There is a growing disconnect between the U.S. economy and corporate earnings. S&P 500 companies are continuing to outpace expectations and post record earnings, with earnings growing by double digits – especially companies that derive their profits from China. I continue to be of the opinion that the strong economy in Asia should help emerging-market stocks outperform for the rest of the year.
The second-quarter earnings season is winding down for many U.S. companies, but Chinese companies tend to report later in the season, so we still have several left to go.
More than 90% of the S&P 500 companies have reported second-quarter earnings, and the season has been quite strong so far. Unfortunately, however, the macroeconomic news has weighed on the broad markets, and even big earnings surprises aren’t always enough to send shares higher.
The sell-off in the past few weeks is the worst in more than two years, but given the current low-interest-rate environment and positive earnings growth – two key drivers of stock-market performance – this selling pressure is overdone.
Here are five of the top China plays
51job, Inc. (NASDAQ:JOBS) reported its financial results for the second quarter of 2011 on Aug. 4. Some highlights:
- Total revenues came in at 332.4 million yuan, an increase of 26.7% from 262.4 million yuan year-over-year.
- Revenues from online recruitment services climbed a whopping 49%, while print advertising revenues declined 27.8%.
- Gross profit for the second quarter increased 34.1%, while gross margin expanded to 71.8%, compared with 68% year-over-year.
- Net income for the second quarter increased 53.6% to 83.5 million yuan, representing earnings per share of 2.82 yuan.
Looking forward, the company expects for revenue to come in at a range of 335 million yuan to 345 million yuan. Overall, the company continues to make progress on its strategic initiatives and has strongly increased spending per employer in its online business, as well as expanding its customer base in existing and new geographic regions.
Shares sold off slightly after the earnings report, since EPS just slightly missed analyst expectations, but investors quickly realized the long-term growth story still was intact and shares quickly climbed back.
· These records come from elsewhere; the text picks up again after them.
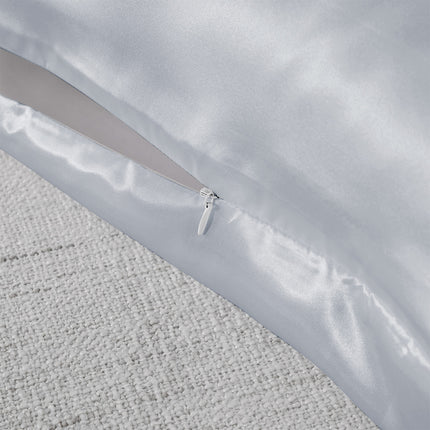 Royal Comfort Mulberry Soft Silk Hypoallergenic Pillowcase Twin Pack 51 x 76cm - Silver.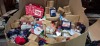 LARGE AMOUNT OF MIXED CHRISTMAS LOT TO INCLUDE 50 ASSORTED CHRISTMAS CARDS - 10 VERSIONS , 100 FOIL GIFT LABELS , 3D GINGERBREAD HOUSE CARDS ETC IN ONE FULL PALLET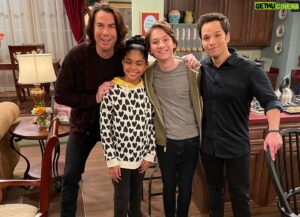 Finn Carr Instagram - A dream come true to work on this iconic show! #icarly @icarly #actor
Going forward, one day of volatility will not affect fundamentals of this company, and I remain bullish on JOBS. Buy it.
Baidu (NASDAQ:BIDU) has inked a deal with BMW to provide its search services inside its vehicles sold in China. The two will work on a platform that will enable car owners to read email, view maps and access other information.
Also this week, Baidu acquired about 40% of Chinese e-book seller Fanshu.com. Both these developments are a positive for the company.
There also is a rumor circulating in China that Baidu will acquire Toudu, one of the leading online video Web sites in China. Toudu is filing for an IPO next week. However, in the current market situation, I am skeptical of how well the IPO will be received. As a result, Baidu might step in.
I think the deal would make sense for Baidu, whose Qiyi video service continues to gain steam in challenging Youku (NYSE:YOKU) and Sohu (NASDAQ:SOHU) for online video supremacy. However, for now this remains unconfirmed, and Toudu is moving forward with its IPO plans.